Der deutsche Bundeskanzler Olaf Scholz trifft zum Gipfel der Nato-Staatschefs in Madrid ein
Der deutsche Bundeskanzler Olaf Scholz trifft zum Gipfel der Nato-Staatschefs in Madrid ein / dpa

Nato-Gipfel in Madrid - Braucht Europa eine autonome atomare Abschreckung?

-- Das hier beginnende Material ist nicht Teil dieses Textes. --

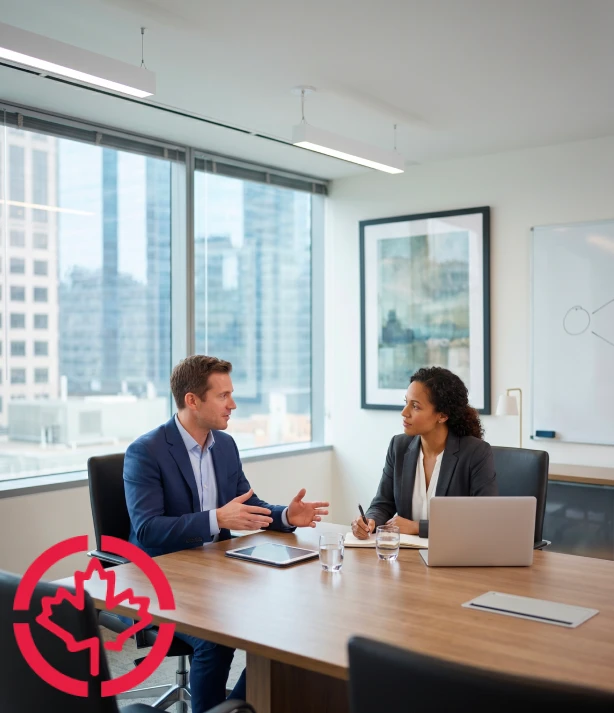 Immigration advisor reviewing Canadian spousal sponsorship paperwork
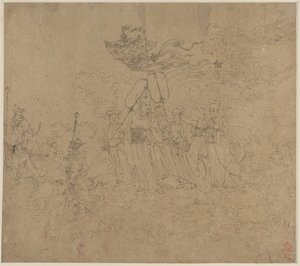 Album de thèmes taoïstes et bouddhistes : Procession de divinités taoïstes : Feuille 6 - Unbekannt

Die atomare Abschreckung durch die USA hat Europa während des Ukraine-Kriegs mutmaßlich davor bewahrt, den Forderungen Russlands zu erliegen, schreibt Brigadegeneral a.D. Helmut W. Ganser in seinem Gastbeitrag. Doch nicht erst seit dem Nato-Gipfel in Madrid stellt sich die Frage, wie lange Europa noch auf den Schutzschirm der USA vertrauen kann. Sollte sich die EU nicht besser um ihre eigene nukleare Abwehr bemühen?

Autoreninfo

Helmut W. Ganser, Brigadegeneral a.D., hat u.a. im Verteidigungs- ministerium und in den deutschen Vertretungen bei der Nato und den Vereinten Nationen gearbeitet.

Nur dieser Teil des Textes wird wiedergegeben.